**EXERCISE**
Your result should be the lines holding the word "Women", copied from the entries below.

**PROVIDED RECORDS**
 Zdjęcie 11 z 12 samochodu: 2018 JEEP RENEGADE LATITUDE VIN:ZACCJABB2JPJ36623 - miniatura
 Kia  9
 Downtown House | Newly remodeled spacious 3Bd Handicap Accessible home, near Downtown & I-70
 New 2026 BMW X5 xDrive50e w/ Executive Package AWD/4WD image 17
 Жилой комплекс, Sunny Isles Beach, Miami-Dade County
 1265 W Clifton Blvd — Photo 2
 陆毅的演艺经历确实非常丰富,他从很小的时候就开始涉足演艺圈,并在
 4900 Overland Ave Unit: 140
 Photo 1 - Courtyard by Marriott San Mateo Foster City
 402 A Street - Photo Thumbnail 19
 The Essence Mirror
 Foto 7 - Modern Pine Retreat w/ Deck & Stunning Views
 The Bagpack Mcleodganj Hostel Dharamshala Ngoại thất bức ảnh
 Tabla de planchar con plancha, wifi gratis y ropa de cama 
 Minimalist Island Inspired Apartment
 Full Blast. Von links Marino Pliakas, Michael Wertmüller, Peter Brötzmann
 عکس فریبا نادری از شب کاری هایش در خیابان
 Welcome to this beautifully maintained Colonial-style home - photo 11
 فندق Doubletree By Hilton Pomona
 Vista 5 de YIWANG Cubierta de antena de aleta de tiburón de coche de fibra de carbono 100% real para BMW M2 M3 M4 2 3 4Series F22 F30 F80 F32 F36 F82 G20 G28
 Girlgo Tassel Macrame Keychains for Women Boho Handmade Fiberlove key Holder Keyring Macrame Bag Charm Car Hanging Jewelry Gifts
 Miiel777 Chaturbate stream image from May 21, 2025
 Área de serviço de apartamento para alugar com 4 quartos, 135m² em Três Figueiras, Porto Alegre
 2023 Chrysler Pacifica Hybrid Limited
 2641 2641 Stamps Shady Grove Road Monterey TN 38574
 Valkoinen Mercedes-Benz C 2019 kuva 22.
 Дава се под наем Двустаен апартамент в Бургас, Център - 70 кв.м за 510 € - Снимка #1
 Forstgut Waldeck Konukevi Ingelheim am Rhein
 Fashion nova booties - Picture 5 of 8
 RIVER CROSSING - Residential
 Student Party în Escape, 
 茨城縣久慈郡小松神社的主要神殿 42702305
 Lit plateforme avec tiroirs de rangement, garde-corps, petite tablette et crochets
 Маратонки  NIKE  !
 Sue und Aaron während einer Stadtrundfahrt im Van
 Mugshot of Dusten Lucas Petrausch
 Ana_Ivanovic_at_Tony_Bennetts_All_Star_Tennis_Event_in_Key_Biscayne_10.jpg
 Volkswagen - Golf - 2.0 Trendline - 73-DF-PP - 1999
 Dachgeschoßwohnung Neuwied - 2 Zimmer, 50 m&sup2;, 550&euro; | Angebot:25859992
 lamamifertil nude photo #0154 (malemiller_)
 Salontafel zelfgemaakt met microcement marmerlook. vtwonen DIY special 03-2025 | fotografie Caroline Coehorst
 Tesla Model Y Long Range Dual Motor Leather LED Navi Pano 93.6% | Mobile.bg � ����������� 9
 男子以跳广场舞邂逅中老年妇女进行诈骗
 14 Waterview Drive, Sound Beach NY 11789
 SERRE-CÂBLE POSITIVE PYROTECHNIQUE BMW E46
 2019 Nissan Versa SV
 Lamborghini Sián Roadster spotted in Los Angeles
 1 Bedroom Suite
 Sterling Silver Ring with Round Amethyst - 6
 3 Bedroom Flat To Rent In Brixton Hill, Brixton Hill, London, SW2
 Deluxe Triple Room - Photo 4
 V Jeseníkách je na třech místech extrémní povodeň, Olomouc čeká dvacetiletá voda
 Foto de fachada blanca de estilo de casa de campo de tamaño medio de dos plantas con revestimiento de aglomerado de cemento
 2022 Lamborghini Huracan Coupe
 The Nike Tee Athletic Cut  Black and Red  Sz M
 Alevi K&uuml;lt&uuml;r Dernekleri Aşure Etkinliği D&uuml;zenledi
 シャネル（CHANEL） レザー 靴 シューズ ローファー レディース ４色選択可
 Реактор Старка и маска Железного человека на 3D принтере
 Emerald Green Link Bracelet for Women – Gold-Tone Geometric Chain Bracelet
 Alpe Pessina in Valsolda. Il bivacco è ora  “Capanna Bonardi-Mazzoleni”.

**RESPONSE AREA**
 Girlgo Tassel Macrame Keychains for Women Boho Handmade Fiberlove key Holder Keyring Macrame Bag Charm Car Hanging Jewelry Gifts
 Emerald Green Link Bracelet for Women – Gold-Tone Geometric Chain Bracelet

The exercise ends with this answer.